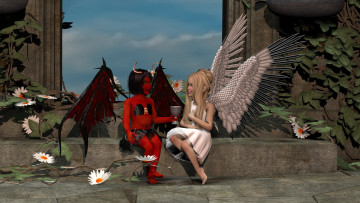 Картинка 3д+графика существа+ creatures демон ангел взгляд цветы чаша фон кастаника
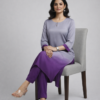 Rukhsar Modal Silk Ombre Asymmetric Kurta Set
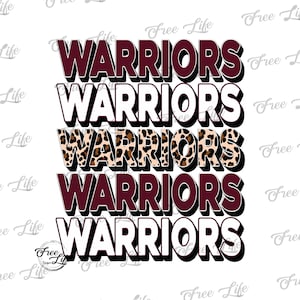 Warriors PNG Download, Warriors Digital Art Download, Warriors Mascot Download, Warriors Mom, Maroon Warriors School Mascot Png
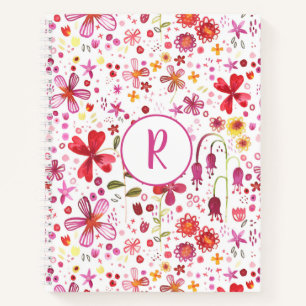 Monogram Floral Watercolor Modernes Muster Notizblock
-=-=-
Exercise brief ▸
Copy out all the data exactly; skip the pictures.

Result of the exercise ▸
 Картинка 3д+графика существа+ creatures демон ангел взгляд цветы чаша фон кастаника
 Rukhsar Modal Silk Ombre Asymmetric Kurta Set
 Warriors PNG Download, Warriors Digital Art Download, Warriors Mascot Download, Warriors Mom, Maroon Warriors School Mascot Png
 Monogram Floral Watercolor Modernes Muster Notizblock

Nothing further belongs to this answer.